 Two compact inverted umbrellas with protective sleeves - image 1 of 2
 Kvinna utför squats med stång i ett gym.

---

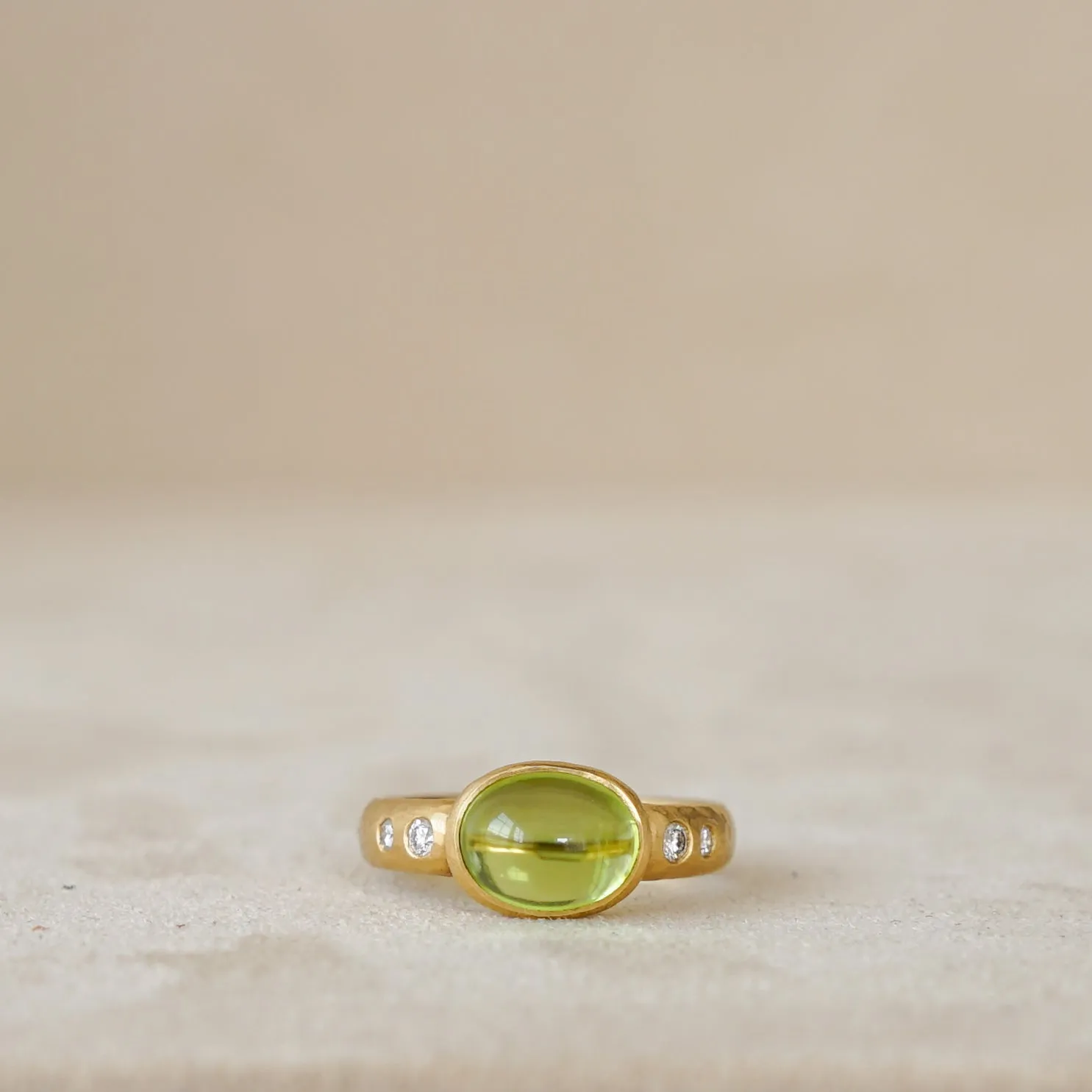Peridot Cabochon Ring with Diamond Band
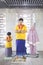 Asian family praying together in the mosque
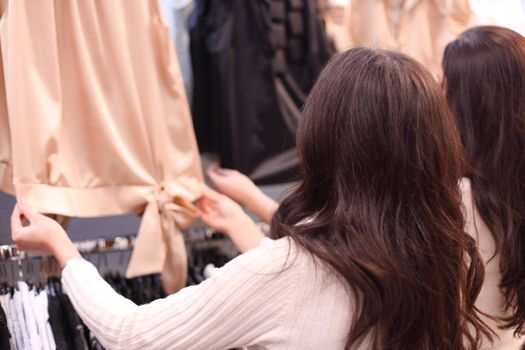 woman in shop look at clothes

Task to carry out: Copy the lines above exactly, beginning at the line that has "Two compact inverted" and stopping after the line that has "Kvinna utför squats med stång i ett gym.", and omit the rest.

Solved problem:
 Two compact inverted umbrellas with protective sleeves - image 1 of 2
 Kvinna utför squats med stång i ett gym.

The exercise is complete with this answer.